BOUNDS = torch.tensor([[-10.0], [10.0]], dtype=dtype, device=device)
def f(X: Tensor, shift: float = TARGET_SHIFT) -> Tensor:
"""
Torch-compatible objective function for the target_task
"""
f_X = 0.1*(X-1) * (torch.sin(X + shift) + 0.1)
return f_X
We sample data from a Sobol sequence to help ensure numerical stability when using a small amount of 1-D data. Sobol sequences help prevent us from sampling a bunch of training points that are close together.
from botorch.utils.sampling import draw_sobol_samples
from botorch.utils.transforms import normalize, unnormalize
# Sample data for each base task
data_by_task = {}
for task in range(NUM_BASE_TASKS):
num_training_points = torch.randint(low=15, high=26, size=(1,)).item()
# draw points from a sobol sequence
raw_x = draw_sobol_samples(bounds=BOUNDS, n=num_training_points, q=1, seed=task+5397923).squeeze(1)
# get observed values
f_x = f(raw_x, task_shift(task)).view(-1)
train_y = f_x + 0.05*torch.randn_like(f_x)
# store training data
data_by_task[task] = {
# scale x to [0, 1]
'train_x': normalize(raw_x, bounds=BOUNDS),
'train_y': train_y,
}
from matplotlib import pyplot as plt
%matplotlib inline
fig, ax = plt.subplots(1, 1, figsize=(12, 8))

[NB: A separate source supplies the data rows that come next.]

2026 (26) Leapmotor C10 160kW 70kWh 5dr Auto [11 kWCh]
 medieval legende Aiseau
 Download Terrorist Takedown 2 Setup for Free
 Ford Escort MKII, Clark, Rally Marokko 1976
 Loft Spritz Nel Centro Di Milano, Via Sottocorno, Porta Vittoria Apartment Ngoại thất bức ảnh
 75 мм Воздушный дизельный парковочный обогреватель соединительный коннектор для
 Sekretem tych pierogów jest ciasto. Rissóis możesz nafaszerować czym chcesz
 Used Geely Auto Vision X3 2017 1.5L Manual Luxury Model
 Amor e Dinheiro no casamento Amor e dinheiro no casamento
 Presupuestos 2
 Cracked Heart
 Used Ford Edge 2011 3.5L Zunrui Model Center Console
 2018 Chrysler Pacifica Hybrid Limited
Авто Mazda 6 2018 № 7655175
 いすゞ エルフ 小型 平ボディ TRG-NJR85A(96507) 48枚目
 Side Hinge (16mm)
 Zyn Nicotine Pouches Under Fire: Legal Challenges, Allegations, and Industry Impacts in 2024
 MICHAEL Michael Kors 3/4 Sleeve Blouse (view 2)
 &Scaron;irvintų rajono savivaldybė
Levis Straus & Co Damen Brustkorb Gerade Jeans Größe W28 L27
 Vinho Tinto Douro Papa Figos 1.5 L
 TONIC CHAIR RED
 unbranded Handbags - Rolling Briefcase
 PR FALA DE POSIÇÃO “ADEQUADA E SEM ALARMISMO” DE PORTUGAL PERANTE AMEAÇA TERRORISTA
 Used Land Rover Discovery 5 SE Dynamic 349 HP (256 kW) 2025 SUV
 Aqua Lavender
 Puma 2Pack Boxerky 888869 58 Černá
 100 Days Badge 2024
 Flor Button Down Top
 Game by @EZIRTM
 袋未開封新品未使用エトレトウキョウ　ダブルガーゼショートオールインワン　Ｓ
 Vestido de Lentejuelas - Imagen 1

x = torch.linspace(-10,10,51)
for task in data_by_task:
# plot true function and observed values for base runs
t = ax.plot(
unnormalize(data_by_task[task]['train_x'], bounds=BOUNDS).cpu().numpy(),
data_by_task[task]['train_y'].cpu().numpy(),
'.',
markersize=10,
label=f"Observed task {task}",
)
ax.plot(
x.detach().numpy(),
f(x, task_shift(task)).cpu().numpy(),
label=f"Base task {task}",
color=t[0].get_color(),
)
# plot true target function
ax.plot(
x.detach().numpy(),
f(x, TARGET_SHIFT).detach().numpy(),
'--',
label="Target task",
)
ax.legend(loc="lower right", fontsize=10)
plt.tight_layout()
First, let's define a helper function to fit a SingleTaskGP with an inferred noise level given training data.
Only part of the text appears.